- Instructions to follow: Every line of the records that holds the word "desde" should be copied out.

—————

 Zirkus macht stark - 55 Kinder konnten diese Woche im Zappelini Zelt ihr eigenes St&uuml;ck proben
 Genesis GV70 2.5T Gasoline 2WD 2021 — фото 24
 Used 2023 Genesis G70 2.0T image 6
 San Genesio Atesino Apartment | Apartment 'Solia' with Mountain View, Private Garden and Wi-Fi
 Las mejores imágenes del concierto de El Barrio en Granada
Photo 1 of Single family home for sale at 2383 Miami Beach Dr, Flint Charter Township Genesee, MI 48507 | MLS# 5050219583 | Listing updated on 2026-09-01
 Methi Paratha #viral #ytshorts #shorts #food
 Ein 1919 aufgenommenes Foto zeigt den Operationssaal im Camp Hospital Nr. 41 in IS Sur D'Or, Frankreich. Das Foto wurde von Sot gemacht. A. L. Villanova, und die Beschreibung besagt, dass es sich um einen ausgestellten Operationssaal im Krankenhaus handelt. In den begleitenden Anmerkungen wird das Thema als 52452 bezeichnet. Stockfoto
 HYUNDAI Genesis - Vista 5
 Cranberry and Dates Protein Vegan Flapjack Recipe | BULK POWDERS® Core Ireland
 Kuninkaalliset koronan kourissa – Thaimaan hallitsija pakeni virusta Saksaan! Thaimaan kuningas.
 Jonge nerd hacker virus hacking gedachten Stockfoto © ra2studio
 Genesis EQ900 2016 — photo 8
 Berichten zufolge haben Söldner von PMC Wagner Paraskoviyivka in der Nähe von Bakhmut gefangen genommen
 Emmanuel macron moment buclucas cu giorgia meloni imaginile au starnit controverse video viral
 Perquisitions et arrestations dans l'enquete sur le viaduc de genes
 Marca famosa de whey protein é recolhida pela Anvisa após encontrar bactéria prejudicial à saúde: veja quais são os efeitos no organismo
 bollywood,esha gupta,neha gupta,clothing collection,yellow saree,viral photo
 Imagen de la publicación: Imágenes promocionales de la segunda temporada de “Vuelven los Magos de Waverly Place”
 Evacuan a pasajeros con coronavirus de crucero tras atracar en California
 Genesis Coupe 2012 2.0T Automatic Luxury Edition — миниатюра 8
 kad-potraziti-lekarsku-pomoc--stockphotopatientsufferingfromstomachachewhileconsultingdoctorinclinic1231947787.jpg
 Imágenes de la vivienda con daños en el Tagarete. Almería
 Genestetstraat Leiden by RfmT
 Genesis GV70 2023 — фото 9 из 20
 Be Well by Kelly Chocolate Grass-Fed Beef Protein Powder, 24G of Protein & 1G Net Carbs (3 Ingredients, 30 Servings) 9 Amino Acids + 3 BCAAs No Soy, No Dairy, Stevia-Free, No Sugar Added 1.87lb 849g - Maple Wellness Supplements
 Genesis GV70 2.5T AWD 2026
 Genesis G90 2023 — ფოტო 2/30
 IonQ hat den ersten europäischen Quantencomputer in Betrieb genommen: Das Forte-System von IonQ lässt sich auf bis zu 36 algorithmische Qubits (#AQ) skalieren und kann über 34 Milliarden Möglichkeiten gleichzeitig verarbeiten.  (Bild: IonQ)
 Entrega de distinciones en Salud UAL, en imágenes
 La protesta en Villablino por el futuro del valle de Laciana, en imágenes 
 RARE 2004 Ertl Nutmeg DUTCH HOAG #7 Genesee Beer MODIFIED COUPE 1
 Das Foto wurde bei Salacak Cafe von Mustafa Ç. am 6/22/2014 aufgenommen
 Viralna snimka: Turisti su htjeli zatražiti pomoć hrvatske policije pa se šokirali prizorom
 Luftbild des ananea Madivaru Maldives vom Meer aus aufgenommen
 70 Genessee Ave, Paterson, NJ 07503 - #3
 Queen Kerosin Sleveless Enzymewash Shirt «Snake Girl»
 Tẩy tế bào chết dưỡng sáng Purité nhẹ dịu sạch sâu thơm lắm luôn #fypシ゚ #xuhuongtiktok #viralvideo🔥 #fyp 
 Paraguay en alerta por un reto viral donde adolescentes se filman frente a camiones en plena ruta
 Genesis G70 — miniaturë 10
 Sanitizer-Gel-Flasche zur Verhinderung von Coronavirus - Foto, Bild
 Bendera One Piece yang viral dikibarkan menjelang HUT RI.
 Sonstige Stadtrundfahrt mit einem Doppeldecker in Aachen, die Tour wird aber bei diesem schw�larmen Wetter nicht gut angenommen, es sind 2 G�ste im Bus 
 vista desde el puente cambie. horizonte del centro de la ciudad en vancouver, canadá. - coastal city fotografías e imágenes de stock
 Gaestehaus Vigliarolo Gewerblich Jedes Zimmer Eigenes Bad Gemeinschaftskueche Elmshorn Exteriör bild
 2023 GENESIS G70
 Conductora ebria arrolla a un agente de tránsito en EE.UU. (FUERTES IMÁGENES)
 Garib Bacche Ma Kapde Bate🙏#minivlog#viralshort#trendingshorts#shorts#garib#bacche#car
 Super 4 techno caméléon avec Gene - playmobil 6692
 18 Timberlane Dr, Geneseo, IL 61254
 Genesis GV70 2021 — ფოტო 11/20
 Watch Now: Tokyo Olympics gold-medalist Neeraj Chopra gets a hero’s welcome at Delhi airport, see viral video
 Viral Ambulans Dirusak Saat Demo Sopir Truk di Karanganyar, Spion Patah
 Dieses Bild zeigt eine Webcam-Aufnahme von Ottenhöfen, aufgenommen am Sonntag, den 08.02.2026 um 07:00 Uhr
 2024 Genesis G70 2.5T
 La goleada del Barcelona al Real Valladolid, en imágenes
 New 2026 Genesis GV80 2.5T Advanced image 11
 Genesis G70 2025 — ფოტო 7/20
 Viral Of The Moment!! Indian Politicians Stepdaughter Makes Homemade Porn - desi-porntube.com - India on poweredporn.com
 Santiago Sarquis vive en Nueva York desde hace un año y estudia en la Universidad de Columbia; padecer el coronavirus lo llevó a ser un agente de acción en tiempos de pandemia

—————

- Result for this exercise:
 vista desde el puente cambie. horizonte del centro de la ciudad en vancouver, canadá. - coastal city fotografías e imágenes de stock
 Santiago Sarquis vive en Nueva York desde hace un año y estudia en la Universidad de Columbia; padecer el coronavirus lo llevó a ser un agente de acción en tiempos de pandemia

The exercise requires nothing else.